オース大観音に続く、ニオウ門通り。
普段から商店が立ち並ぶにぎやかな道であるが、ことさら年始の今の時期はそれらに加え種々多様な出店がひしめき合い、一年に一度のめでたい時節を全力で盛り上げている。
一足先に袴に着替えを終えた男性陣は伝言役にハクギンを残して既に本殿へ向かっていた。
後を追う女性陣一同から少し先ん出て、兄ハクギンに振袖姿を褒められて上機嫌なフタバはスキップでも始めそうな歩幅で通りを歩む。
その様子があまりにも可愛らしいものだから、セ~クスィ~のみならず皆おねだりされるままに出店の品々を買い与えてしまうのはやむを得ない話である。
セ~クスィ~とともに通りで一番の老舗和菓子店でみたらしときなこ団子を買い、一舟のたこ焼きを女性陣皆でシェアし、バギマの旋風の如く螺旋に渦巻くフライドポテトに興奮し、わたアメに顔面ダイブしそうになるのを止められて、そして今はハクギンに買ってもらったイチゴ飴に舌鼓をうつ。
「甘くてパリパリする。

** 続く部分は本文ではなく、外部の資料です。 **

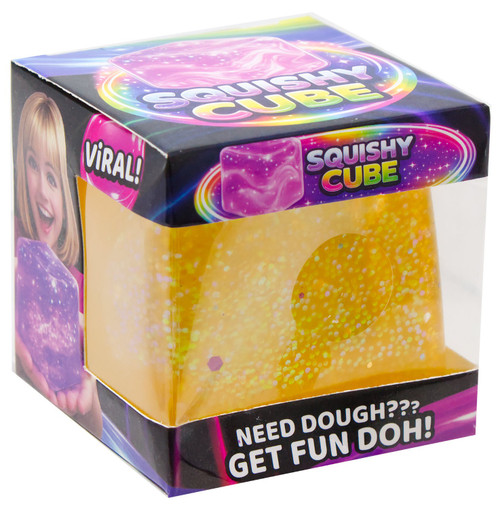Fun Doh Squishy Cube YELLOW Squeeze Toy、ToyWiz、kayou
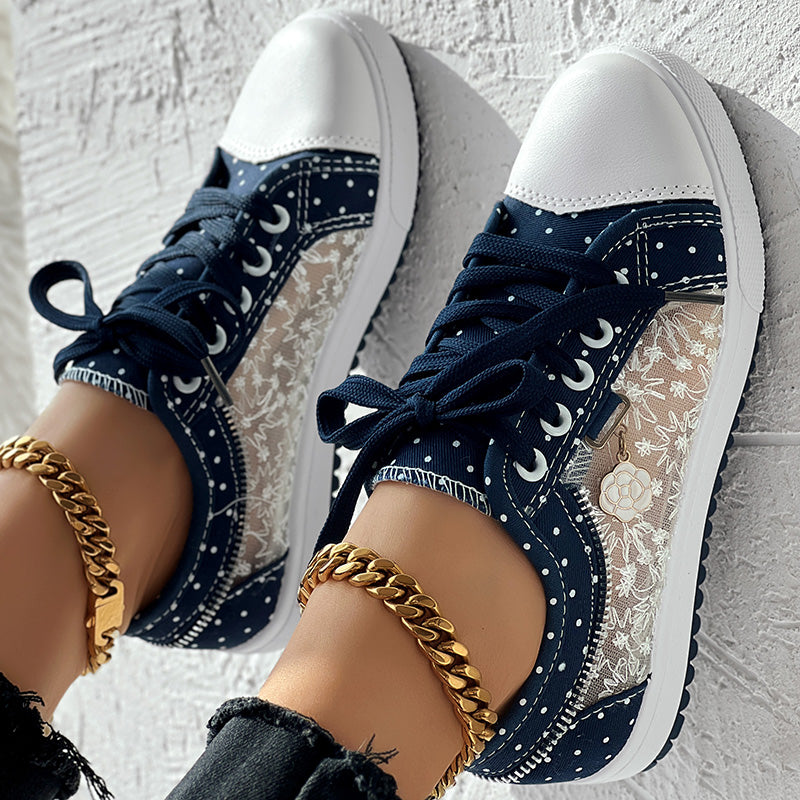 Floral Embroidered Polka Dot Print Sneakers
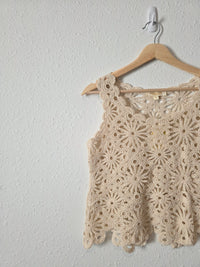 NEW Cream Crochet Tank (S)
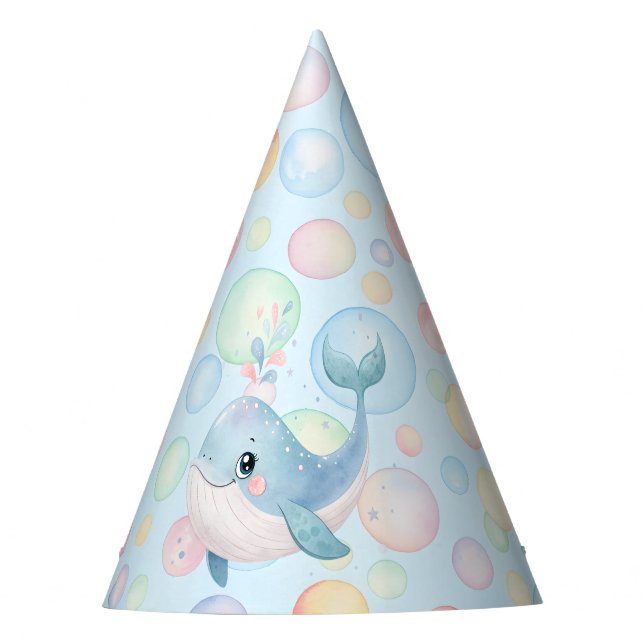 Chapéu De Festa Bubbles & Fins Children's Birthday Bubbles (Frente)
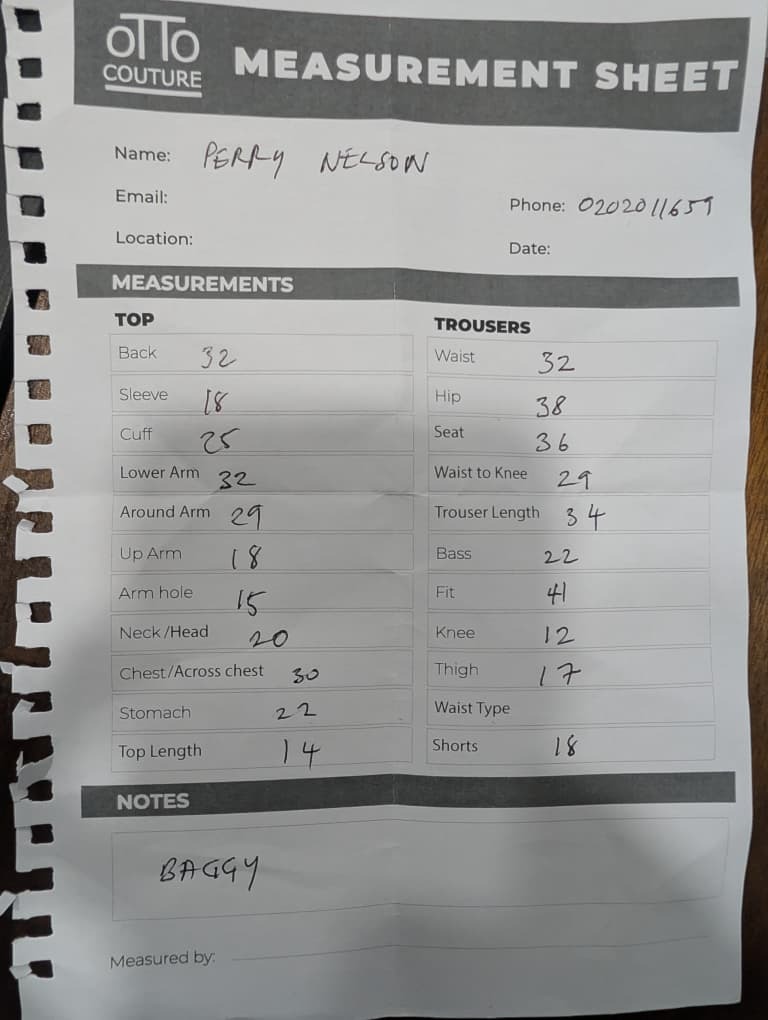 Otto Couture measurement sheet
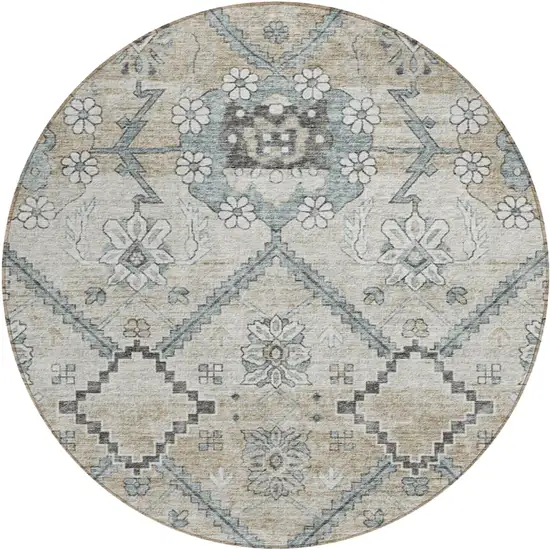 8' Beige Taupe And Tan Round Floral Washable Indoor Outdoor Area Rug Photo 2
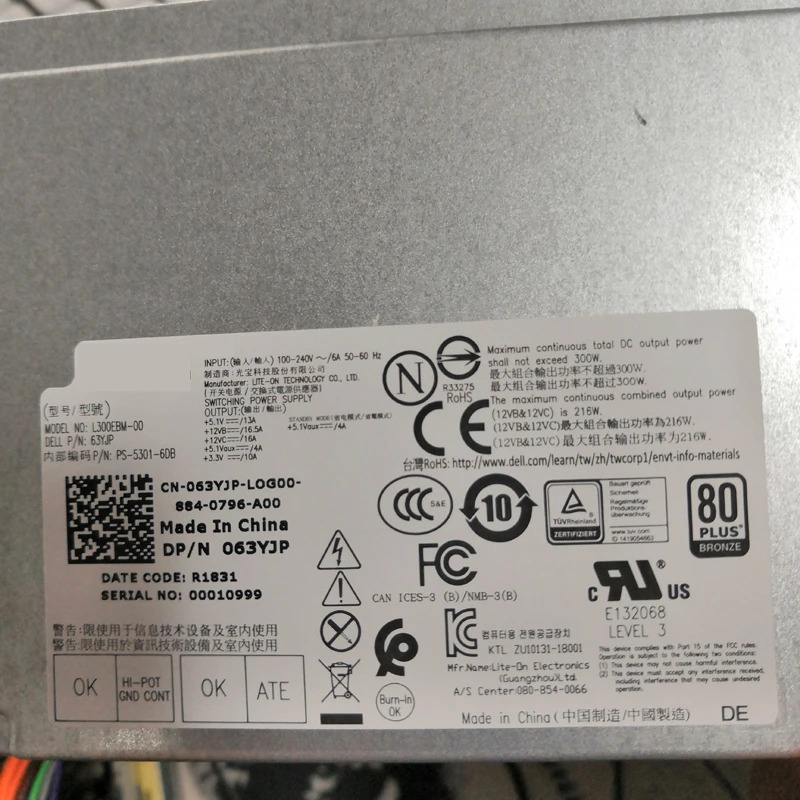 Dell T3630 3640 300W 전원공급장치 L300EGM호환-00 AC300EBM-00 L300EBM-00 PS-5301-6DB PCH006 63YJP 00FCCJ 0TG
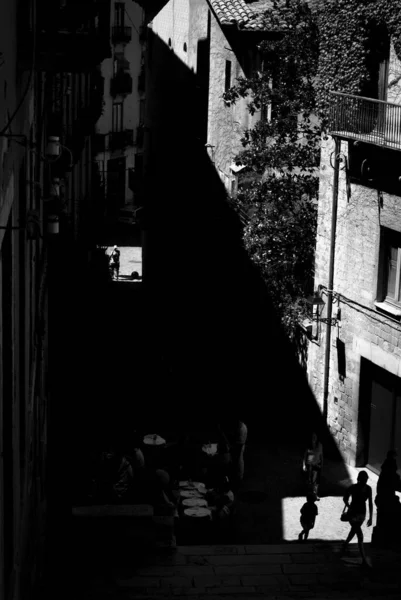 Girona Espanha Agosto 2021 Pessoas Caminham Pelo Centro Histórico — Fotografia de Stock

面白い!」
フタバの大好物であるみたらしの如く串に刺された4つの苺は薄く琥珀色の飴がコーティングされている。専門店を謳うだけあって、朝摘み苺の新鮮な果汁の甘味と酸味を損なわぬよう、苺のまとう飴の衣は絶妙な固さと甘さに調整されていた。
やがて苺飴を食べきった頃には、目的地であるオース大観音まであと少し。
苺飴の刺さっていた串を処分するため、通り脇のゴミ箱へとフタバは一人駆けていく。
そこで不意に、フタバへ声がかかった。
「そこ行くお嬢さん。社に武器の持ち込みは禁止ですよ」
「その槍は、こちらで丁重にお預かりいたします」
こういったスタッフが常駐するのは参拝客の多い時期だからだろうか。
手水舎の近く、如何にも仮設といった感じの小さなあばら屋に立つ二人組は、さあさあとフタバに向かい手を差し出した。

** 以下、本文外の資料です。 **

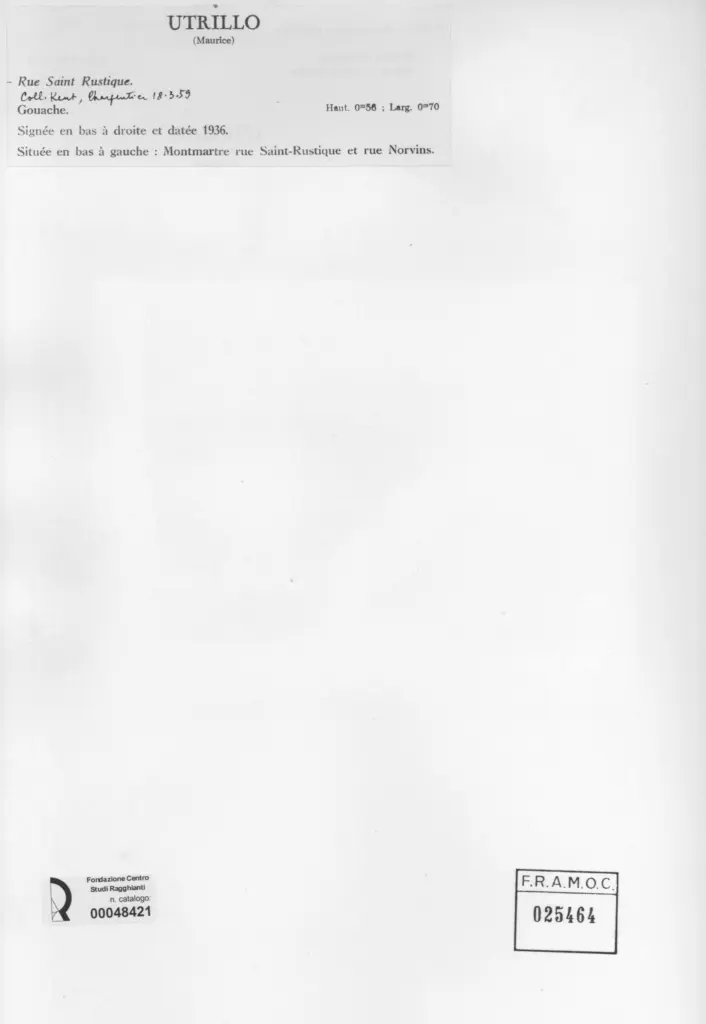 Anonimo , Utrillo, Maurice - sec. XX - Rue Saint Rustique , retro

「槍?ケラウノスのことか?ケラウノスは家族だ。どこでも一緒に行く。絶対に手放さない」
「残念ですがそうはいかないんです」
「だったら、ここまででいい。俺は初詣とやらにはいかない」
「いやいやそんな勿体無い」
「…困りましたね」
「…むう」
二人組のみならず、困ったのはケラウノスも同様である。
フタバにとっては自分の振袖姿をハクギンに見せることができて目的を果たしたかもしれないが、ここまで来て参拝せずに帰るのは、ケラウノス的に大失敗である。
それに、意志を持つとはいえ、なるほどおっしゃるとおり、自らは武器である。
寺社仏閣に持ち込むのは、確かに問題があると言える。
「残念だがフタバ、私はここで待機することにする」「俺も残るぞ」
「駄目だ。神の前で無心で祈れば、胸に秘めたる願い事が叶うと言われている。単独でも作戦目標を達成されたし。お互い、位置はモニターできている。問題はなかろう」
「うう…でも…」
「セ~クスィ~達が待っているぞ。早く向かうといい」
目の前の二人組と、往来でフタバを待つ一同との間を何度も見比べたのち、フタバは渋々ケラウノスを手渡した。
「大事に持っていてくれよ?」
「「もちろんですとも」」
「さあフタバ、早く皆のところへ…」
送り出そうとして、そこでようやくケラウノスはおかしな事に気が付いた。
今自分を握る男の顔に、見覚えがある。
昨日の宴会に参加していた冒険者の一人だ。
名を確か、マージンという。
ハクギンの親友、ハクトという少年の父親にして、フタバが大地の箱舟においてハクトとの会話から『ろくでもない人間』と認識している人物である。
「待(て、フタバ。………………!?)」
呼び止める声を出したつもりが、何かに打ち消されたように音が消える。
ふと見上げれば、マージンの隣に立つエルフの男はケラウノスのデータにない印を指で結び、呪文を発動している。
(呪文で音波振動を操って音声を相殺した!?…何故!?)
二人の目的が解らず、混乱するケラウノス。
その逡巡が仇となり、そうこうしているうちにフタバはケラウノス預けた理由をセ~クスィ~達に説明すると、くるりと振り返って遠くからケラウノスに手を振り、本殿を目指し歩を進めてしまうのであった。